Ciò a cui bisogna richiamarsi è dunque in primo luogo il senso della politica, quella politica alta di cui avremmo bisogno e di cui avvertiamo la mancanza in Germania e in Europa. In questo quadro, andare a votare in anticipo, constatata la situazione di stallo attuale non è un semplice atto amministrativo, ma significa dare una bussola, un orientamento ad un’azione politica che, col governo tecnico, ha smarrito la sua direzione. Esso ha assolto al suo obiettivo “tecnico”: l’Italia ha emesso più della metà dei titoli di Stato previsti per quest’anno a tassi non del tutto proibitivi.
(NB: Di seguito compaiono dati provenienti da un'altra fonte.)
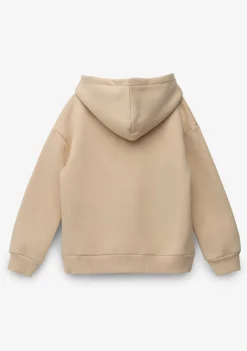 Outlet Sudadera De Niña Teddy Beige Sudaderas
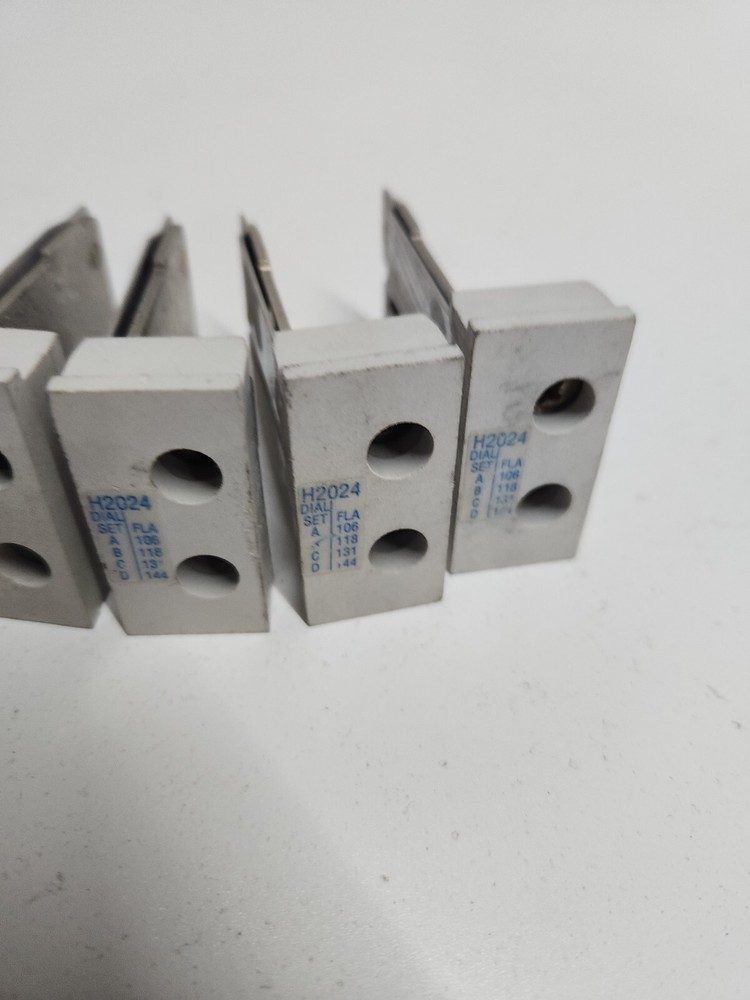 (5) Eaton H2024 Thermal Overload Heater Elements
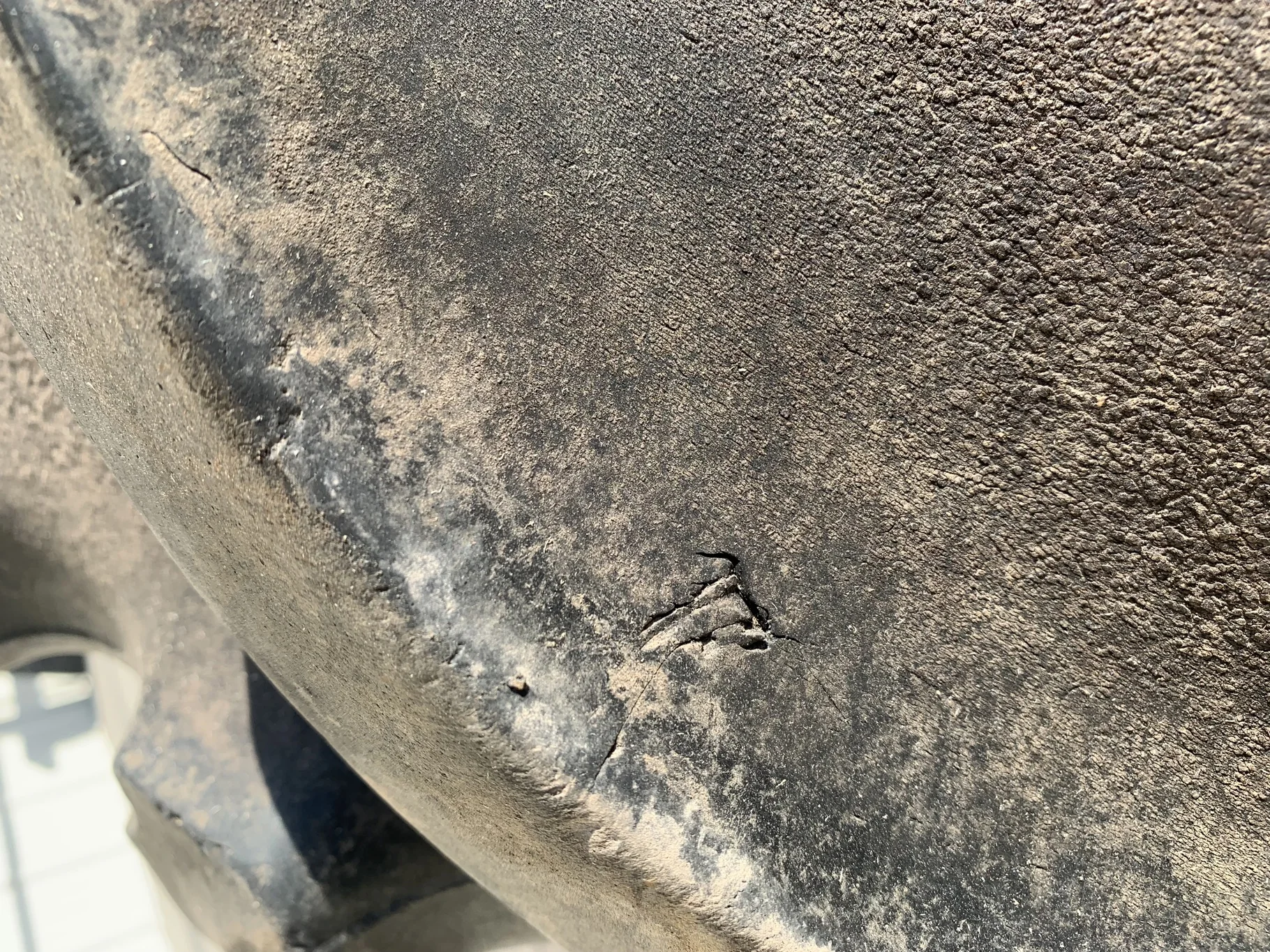 Used 40% 520/85R46 Goodyear Special Sure Grip TD8 Radial R-2 (158A8/B) TL (Lug Cuts, Slight image 9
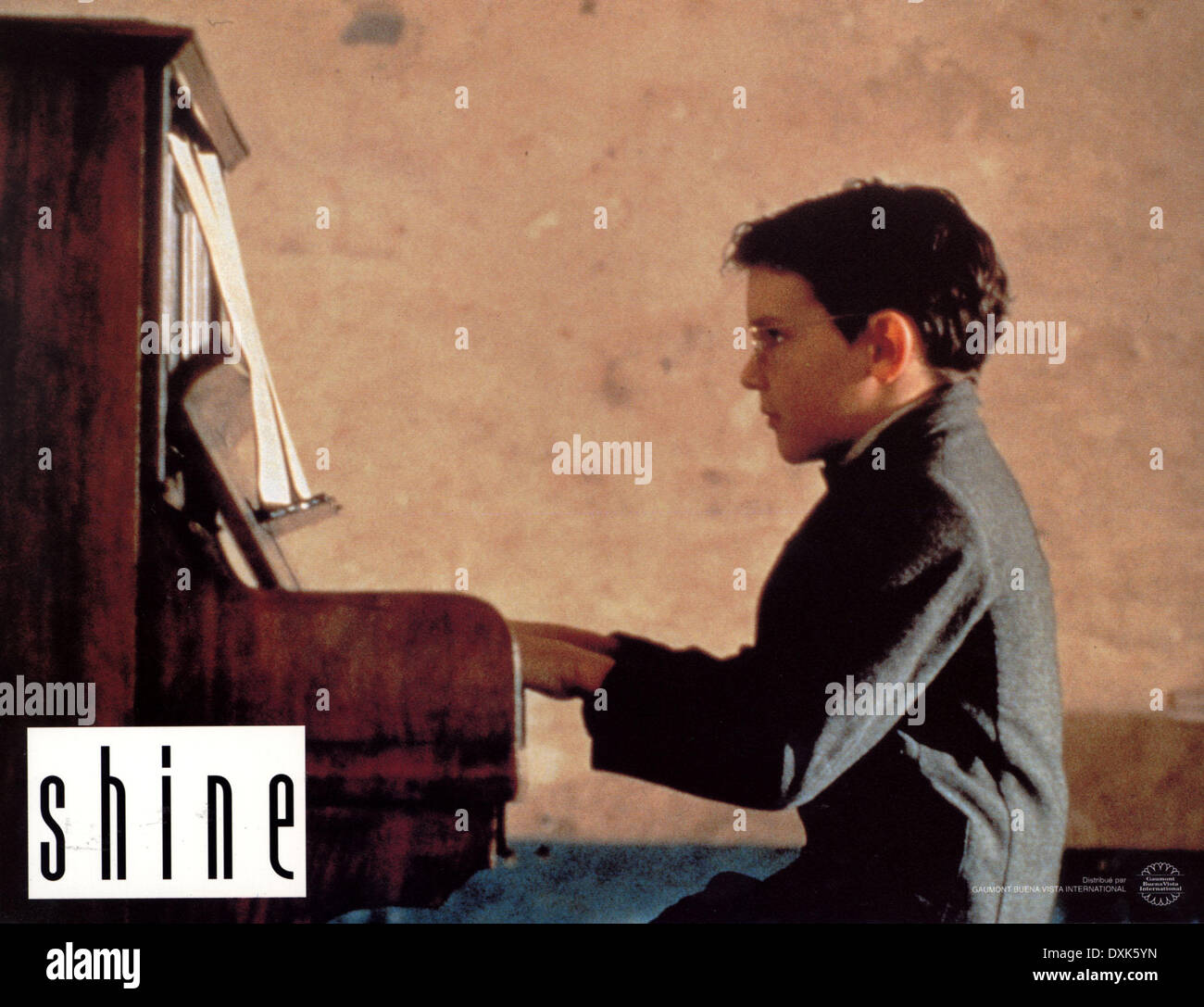SHINE (AUS 1996) MOMENTUM FILMS/BUENA VISTA ALEX RAFALOWICZ Stock Photo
A questo punto però per affrontare la crisi è necessario un passo ulteriore. Qualunque sia l’esito della crisi dell’Euro e quali che siano le strategie che si deciderà di intraprendere, è chiaro che l’Italia e l’Europa usciranno profondamente mutate da questa fase. Una discussione profonda e una scelta consapevole si rendono necessarie. E questa discussione è necessario farla quanto prima perché non sono in gioco astratte teorie, ma persone, il cui disagio e la cui angoscia vengono progressivamente acuiti dalla crisi, dalla disoccupazione e dall’incertezza per il futuro. Nella tensione delle situazioni drammatiche si possono prendere decisioni impegnative e alte, ma, se si lascia che le circostanze si deteriorino, si crea il terreno per altri sentimenti e pulsioni assai più negativi.

Parte imprescindibile dell’agire politico è non solo saper prendere decisioni, ma anche farlo nel momento opportuno.